Moço: o senhor sabe fazer lambrequins? ...


Quando aportaram, havia na praça principal uma grande disputa, tendo por motivo o preenchimento de uma vaga na Academia dos Lambrequins.

Logo que Barrado soube do que se tratava, meteu-se na disputa e foi gritando lá a seu jeito e sacudindo as perninhas:

— Eu também sou candidato! Eu também sou candidato!

Um dos circunstantes perguntou-lhe a tempo, com toda a paciência:

— Moço: o senhor sabe fazer lambrequins?

— Não sei, não sei, mas aprendo na academia e é para isso que quero entrar.

A eleição teve lugar e a escolha recaiu sobre um outro mais hábil no uso da serra que o doutor recém-chegado.

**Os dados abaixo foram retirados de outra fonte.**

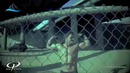 Грег плитт (greg plitt) – c-block. 1 серия (nordfjord)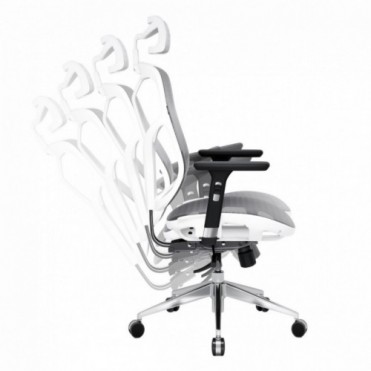 Diablo V-Basic Ergonomisk...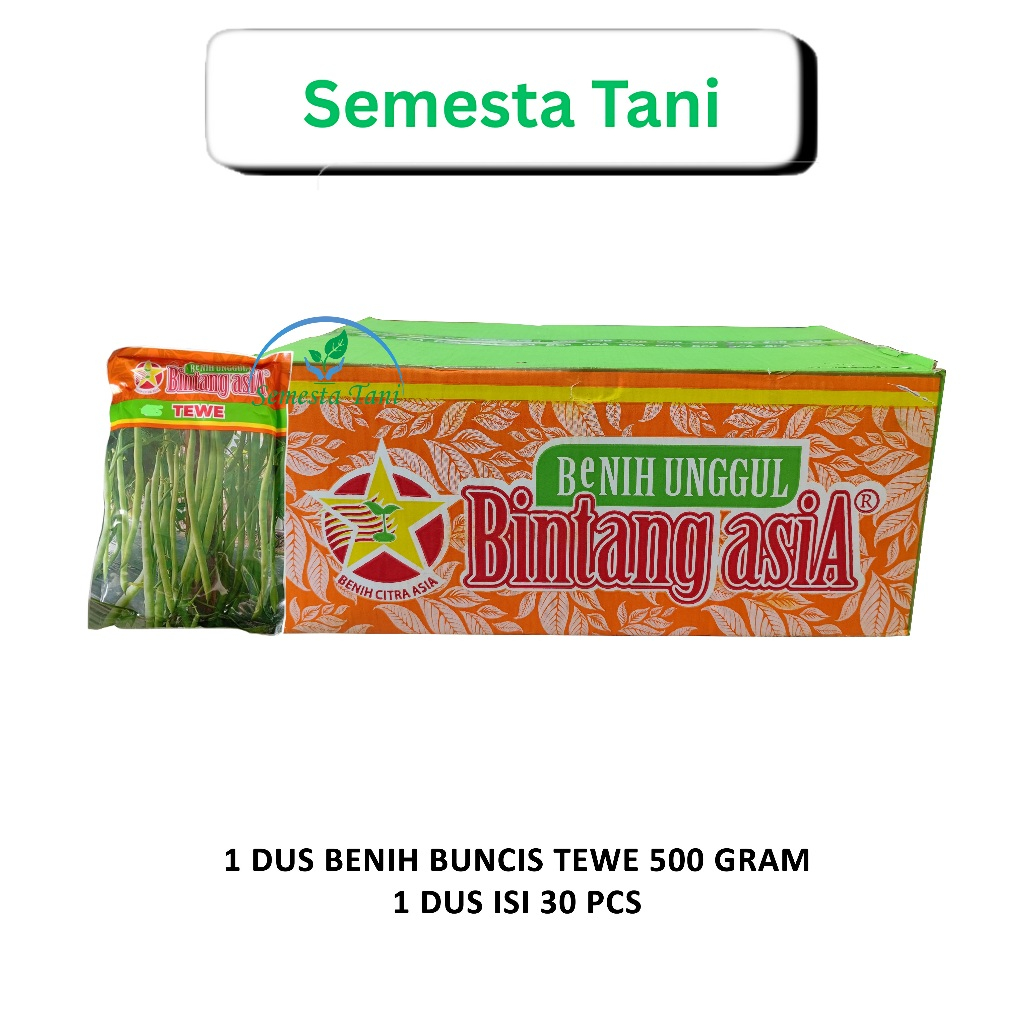 1 DUS - BENIH BUNCIS TEWE 500 GRAM - 1 DUS ISI 30 PCS - BUNCIS TEWE BINTANG ASIA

Precipitou-se por isso a partida e o carro continuou a sua odisséia, com o acompanhamento do burro, sempre a olhá-lo longamente, infinitamente, demoradamente, cheio de piedade impotente. Aos poucos os urubus se despediram; e, no fim de quatro anos, o carrião entrou pelo Rio adentro, a roncar pelas calçadas, chocalhando duramente as ferragens, com o seu manco e compassivo burro a manquejar-lhe à sirga.

Logo que foi chegado, um hábil serralheiro veio abri-lo, pois a fechadura desarranjara-se devido aos trancos e às intempéries da viagem, e desobedecia à chave competente. Sili determinou que os médicos examinassem o doente, exame que, mergulhados numa atmosfera de desinfetantes, foi feito no necrotério público.

Foi este o destino do enfermo pelo qual o delegado Cunsono se interessou com tanta solicitude.